» **Provided data**

--

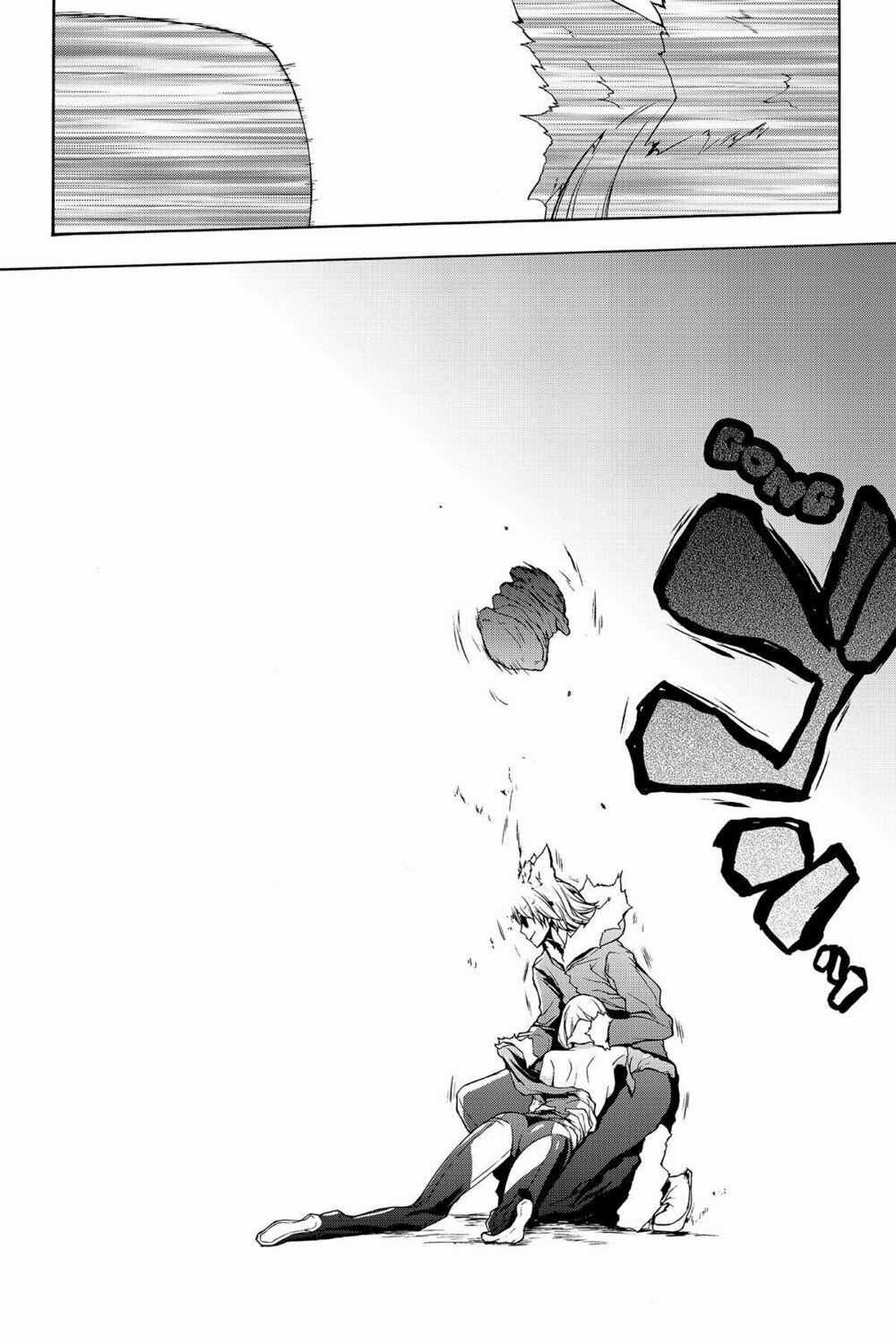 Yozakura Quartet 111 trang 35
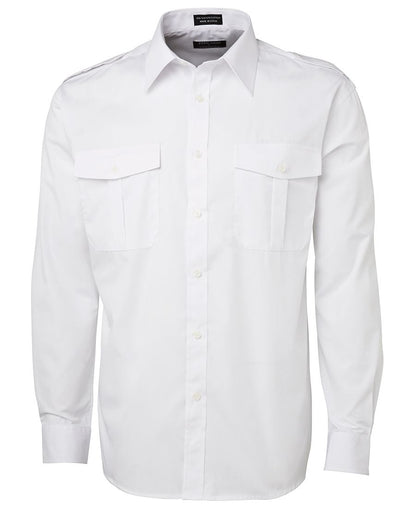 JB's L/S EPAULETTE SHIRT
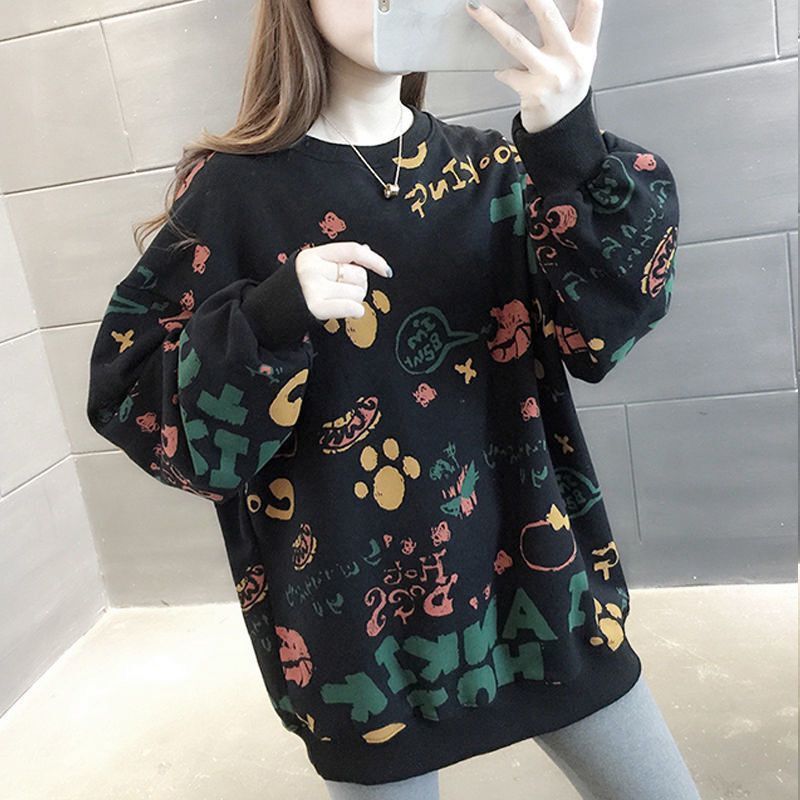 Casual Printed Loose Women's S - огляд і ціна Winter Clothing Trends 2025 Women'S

--

» **The problem**
When you return the listing, keep each line exact and leave the pictures out.

» **Exercise output**
 Yozakura Quartet 111 trang 35
 JB's L/S EPAULETTE SHIRT
 Casual Printed Loose Women's S - огляд і ціна Winter Clothing Trends 2025 Women'S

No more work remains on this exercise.